_WHAT YOU SHOULD DO:_
Below is a listing. Quote from it, exactly, the lines from the one containing "Bane Ridge, Aliso" down to the one containing "St Thomas &", both ends included, and nothing else.

_SOURCE DATA:_
· · · · ·

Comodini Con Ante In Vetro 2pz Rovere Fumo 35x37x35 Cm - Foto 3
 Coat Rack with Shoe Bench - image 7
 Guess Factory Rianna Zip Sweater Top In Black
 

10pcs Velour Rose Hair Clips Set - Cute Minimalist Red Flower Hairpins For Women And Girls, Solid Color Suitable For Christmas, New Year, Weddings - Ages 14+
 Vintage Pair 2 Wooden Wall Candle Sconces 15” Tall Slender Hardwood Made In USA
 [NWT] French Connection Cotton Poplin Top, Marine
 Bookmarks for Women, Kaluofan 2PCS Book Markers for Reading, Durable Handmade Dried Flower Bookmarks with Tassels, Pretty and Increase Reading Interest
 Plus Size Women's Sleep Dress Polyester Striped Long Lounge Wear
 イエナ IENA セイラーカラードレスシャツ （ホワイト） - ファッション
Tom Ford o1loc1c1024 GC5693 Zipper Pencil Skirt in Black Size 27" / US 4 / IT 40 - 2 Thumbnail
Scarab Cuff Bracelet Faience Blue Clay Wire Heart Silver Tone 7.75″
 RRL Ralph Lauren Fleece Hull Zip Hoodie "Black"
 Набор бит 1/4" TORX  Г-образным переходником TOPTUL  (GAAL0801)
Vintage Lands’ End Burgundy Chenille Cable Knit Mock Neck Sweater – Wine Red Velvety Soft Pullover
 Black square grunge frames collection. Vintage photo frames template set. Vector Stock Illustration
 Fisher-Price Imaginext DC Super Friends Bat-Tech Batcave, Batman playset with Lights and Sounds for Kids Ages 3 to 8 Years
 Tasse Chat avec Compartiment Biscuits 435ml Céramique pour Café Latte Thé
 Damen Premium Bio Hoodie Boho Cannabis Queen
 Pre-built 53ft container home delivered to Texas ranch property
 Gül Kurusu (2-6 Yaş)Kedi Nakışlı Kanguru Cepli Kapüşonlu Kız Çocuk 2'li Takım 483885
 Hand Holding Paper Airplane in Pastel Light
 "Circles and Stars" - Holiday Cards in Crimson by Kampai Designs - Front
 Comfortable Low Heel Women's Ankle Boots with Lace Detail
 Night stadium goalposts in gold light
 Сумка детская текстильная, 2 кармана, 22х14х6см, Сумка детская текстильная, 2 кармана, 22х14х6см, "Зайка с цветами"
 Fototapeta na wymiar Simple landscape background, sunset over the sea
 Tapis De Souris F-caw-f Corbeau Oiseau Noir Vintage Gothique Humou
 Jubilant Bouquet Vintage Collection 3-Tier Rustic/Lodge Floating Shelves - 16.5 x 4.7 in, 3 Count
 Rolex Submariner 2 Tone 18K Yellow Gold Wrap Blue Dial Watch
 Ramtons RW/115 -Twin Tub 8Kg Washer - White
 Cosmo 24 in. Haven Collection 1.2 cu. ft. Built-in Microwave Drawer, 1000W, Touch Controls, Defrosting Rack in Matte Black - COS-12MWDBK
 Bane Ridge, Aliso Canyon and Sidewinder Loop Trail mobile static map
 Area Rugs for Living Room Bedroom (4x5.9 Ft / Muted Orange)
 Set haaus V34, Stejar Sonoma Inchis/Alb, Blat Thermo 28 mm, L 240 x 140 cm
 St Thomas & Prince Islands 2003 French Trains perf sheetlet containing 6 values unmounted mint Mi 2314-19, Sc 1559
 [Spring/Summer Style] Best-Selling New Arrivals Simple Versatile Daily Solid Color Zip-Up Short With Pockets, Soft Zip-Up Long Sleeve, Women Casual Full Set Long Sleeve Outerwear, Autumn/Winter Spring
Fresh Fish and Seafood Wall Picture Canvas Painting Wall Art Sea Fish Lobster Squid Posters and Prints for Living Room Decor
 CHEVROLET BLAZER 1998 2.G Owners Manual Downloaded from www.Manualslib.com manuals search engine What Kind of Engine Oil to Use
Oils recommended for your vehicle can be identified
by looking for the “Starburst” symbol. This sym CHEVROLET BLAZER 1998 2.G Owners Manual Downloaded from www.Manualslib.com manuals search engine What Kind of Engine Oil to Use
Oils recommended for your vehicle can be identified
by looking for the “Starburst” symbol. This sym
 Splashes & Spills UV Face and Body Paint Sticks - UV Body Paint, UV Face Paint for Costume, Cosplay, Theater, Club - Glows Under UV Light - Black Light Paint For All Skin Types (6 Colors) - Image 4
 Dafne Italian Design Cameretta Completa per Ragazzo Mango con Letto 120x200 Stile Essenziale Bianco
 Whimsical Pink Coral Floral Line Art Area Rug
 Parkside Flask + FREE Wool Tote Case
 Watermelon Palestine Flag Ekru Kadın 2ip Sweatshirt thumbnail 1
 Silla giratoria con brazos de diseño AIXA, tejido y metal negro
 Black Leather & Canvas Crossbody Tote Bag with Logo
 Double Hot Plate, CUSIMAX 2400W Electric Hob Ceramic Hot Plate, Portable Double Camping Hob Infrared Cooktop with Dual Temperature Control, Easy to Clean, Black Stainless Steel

· · · · ·

_WRITTEN ANSWER:_
 Bane Ridge, Aliso Canyon and Sidewinder Loop Trail mobile static map
 Area Rugs for Living Room Bedroom (4x5.9 Ft / Muted Orange)
 Set haaus V34, Stejar Sonoma Inchis/Alb, Blat Thermo 28 mm, L 240 x 140 cm
 St Thomas & Prince Islands 2003 French Trains perf sheetlet containing 6 values unmounted mint Mi 2314-19, Sc 1559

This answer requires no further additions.